Otro aspecto que refuerza la invalidez del modelo es el tipo de contenidos y metodología que prioriza. Pese a los avances por dar más peso a la parte competencial, las pruebas siguen girando mayoritariamente en torno a la repetición de conocimientos teóricos y la aplicación mecánica de procedimientos. Se sigue premiando una buena memoria antes que el pensamiento crítico, la creatividad o la capacidad de conectar saberes. El resultado es una prueba descontextualizada, poco estimulante y alejada del tipo de razonamientos que se valoran posteriormente en la Universidad. En lugar de fomentar una cultura de aprendizaje profundo, la PAU favorece la preparación intensiva a corto plazo, muchas veces basada en técnicas de estudio superficiales, academias especializadas o modelos prefabricados de respuesta.
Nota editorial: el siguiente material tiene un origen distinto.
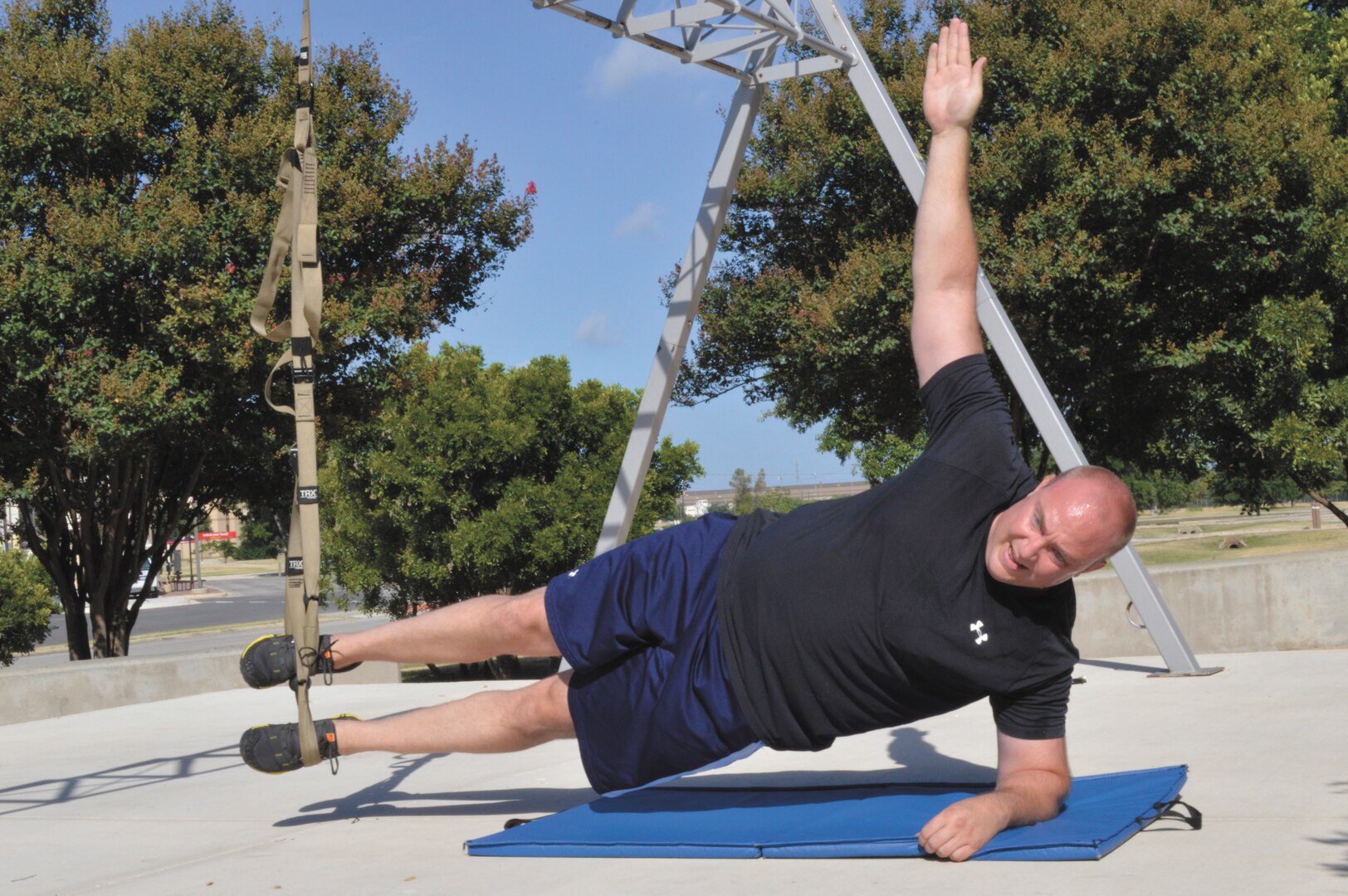 Tech Sgt. James Cummings, 668th Alteration and Installation Squadron NCO in charge of engineering installation, performs a static oblique side raise using TRX training equipment July 8 at the Gateway Fitness Center. ( Photo by Jose T. Garza III)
La solución no es perfeccionar una prueba única y estandarizada, sino apostar decididamente por un sistema donde el peso del expediente académico y la evaluación continua realizada durante el Bachillerato ocupe el 100% de la fórmula para el acceso a la Universidad. Así se reflejan de manera más fiel las competencias, habilidades y conocimientos adquiridos a lo largo del tiempo. Y lo que es más importante, permitirá una valoración más justa y equitativa, teniendo en cuenta el esfuerzo sostenido y la evolución individual de cada estudiante. No obstante, para que este enfoque sea verdaderamente equitativo resulta imprescindible establecer mecanismos que eviten la inflación de notas en determinados centros. Recientemente, EL PAÍS se hacía eco de las prácticas que se producen en centros concertados y privados, que ofrecen múltiples oportunidades para subir calificaciones, incluso permitiendo repetir exámenes hasta alcanzar la nota deseada. Esta situación es claramente un ejemplo de competencia desleal frente al alumnado de centros públicos, en los que las evaluaciones son más rigurosas y mucho menos flexibles. Por tanto, cualquier reforma que otorgue mayor peso al expediente académico debe ir acompañada de sistema de control que garanticen la equidad en la valoración del rendimiento estudiantil en todos los centros educativos.
La PAU ha cumplido una función durante décadas, pero hoy es un instrumento desfasado. No se trata de hacer el acceso a la Universidad más fácil, sino más justo, más útil y más coherente con el tipo de educación que como sociedad decimos querer construir: una educación centrada en el aprendizaje y no en la supervivencia ante una prueba.